Christmas Wishes: Then And Now
December 7, 2025 by agutting@reviewjournal.com
Filed under Conversation
BY LOUIE OVERSTREET
During my early childhood, after a half-decade of sacrifice by America’s Greatest Generation, when “all gave some and some gave all,” America in 1946 transitioned from a wartime economy of rationing goods back to that of a consumer economy.
For Christmas 1946, Santa (for me) and my parents (for my older brothers, Rudy and Willie) fulfilled our wishes with Western Flyers bikes from the Western Auto store on Euclid behind the Sears and Roebuck department store in Cleveland. Theirs were full-size, mine was a little red one with training wheels. A year later, I wished for my two front teeth.
As for fulfilling Christmas wishes since 1947, it has been more than a fairly decent run for my family until now. I say this because there is no way my 2025 Christmas wish list can be satisfied.
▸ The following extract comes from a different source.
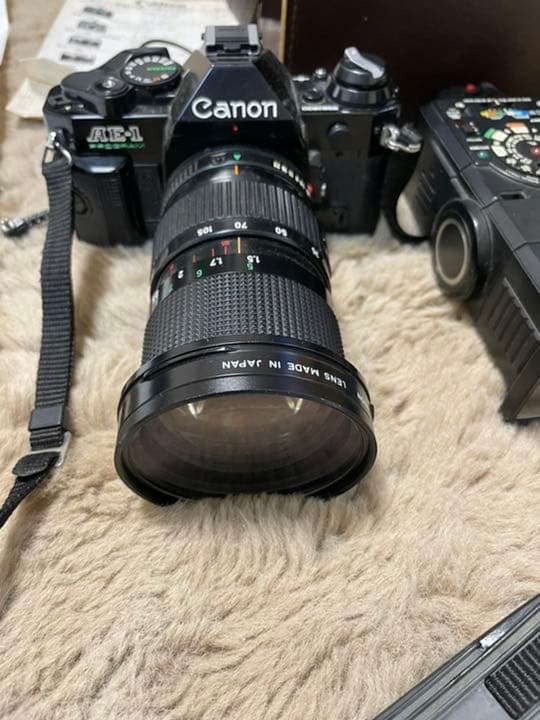 キャノン　高級一眼レフカメラ　1980年代購入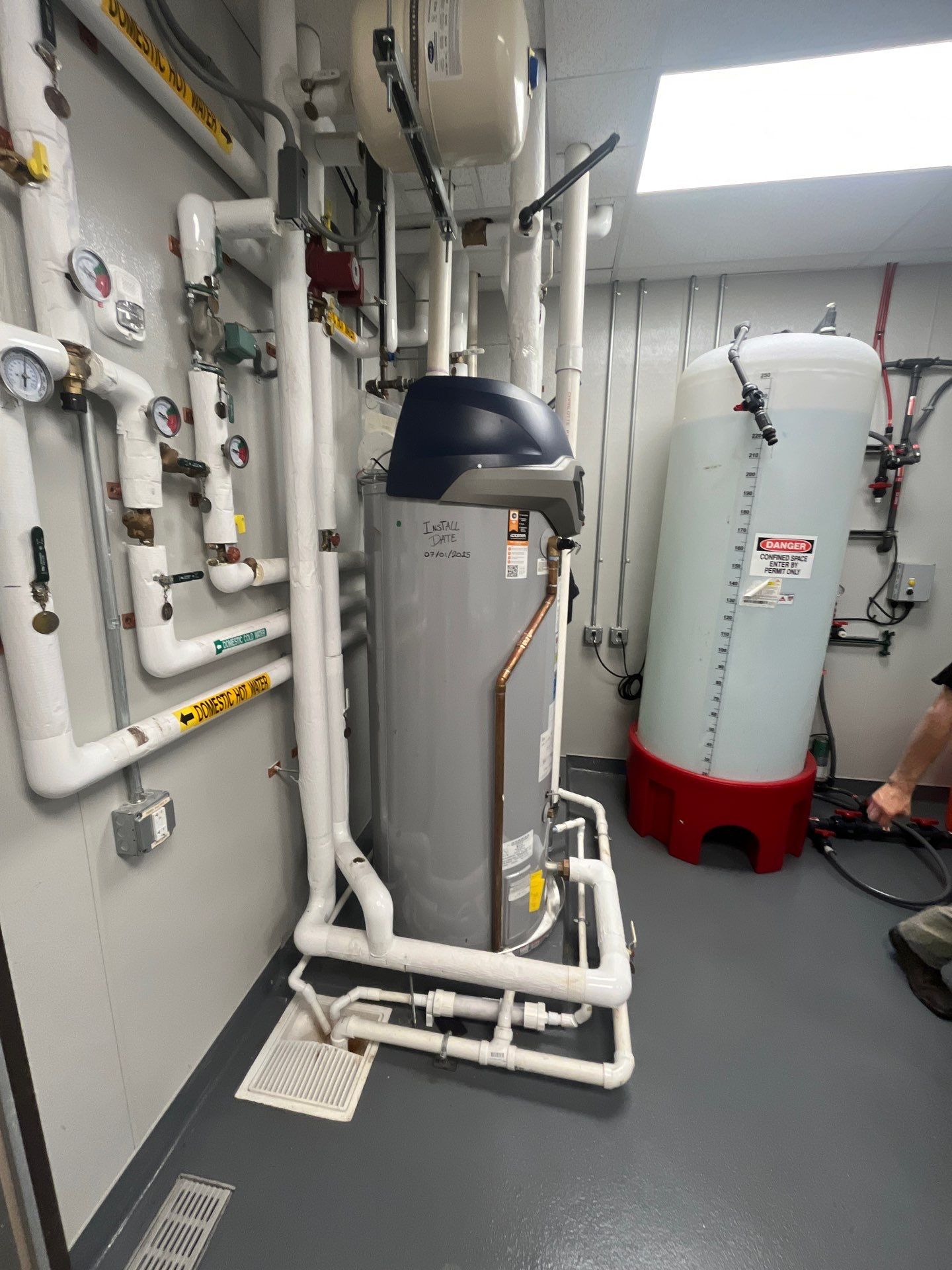 Water Heater Installation and Maintenance, Norwich CT, TMG Plumbing and Disaster Solutions, plumbing services near me, water heater installation CT, water heater service, water heater maintenance CT, expansion tank installation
After all, who hasn’t wished for world peace and sensible American gun laws?
Be that as it may, I am sharing my modest list of six wishes — ones that will be exceedingly difficult for Santa to bring down the chimney to me.
1. I wish for every childhood to be as healthy and happy as the one I experienced.
2. I wish for the Golden Rule to be practiced daily by each and every one of us.
3. I wish for freedoms and personal liberties to never again be abridged by a vile president.
4. I wish more people and their elected representatives would accept personal responsibility for their behavior.
5. I wish more people of limited means could understand that voting or not has consequences.
And for my sixth and final request, I wish everyone blessed with kind hearts a Happy New Year and for the 2026 midterms to be even “mo’ better” than the off-year elections last month.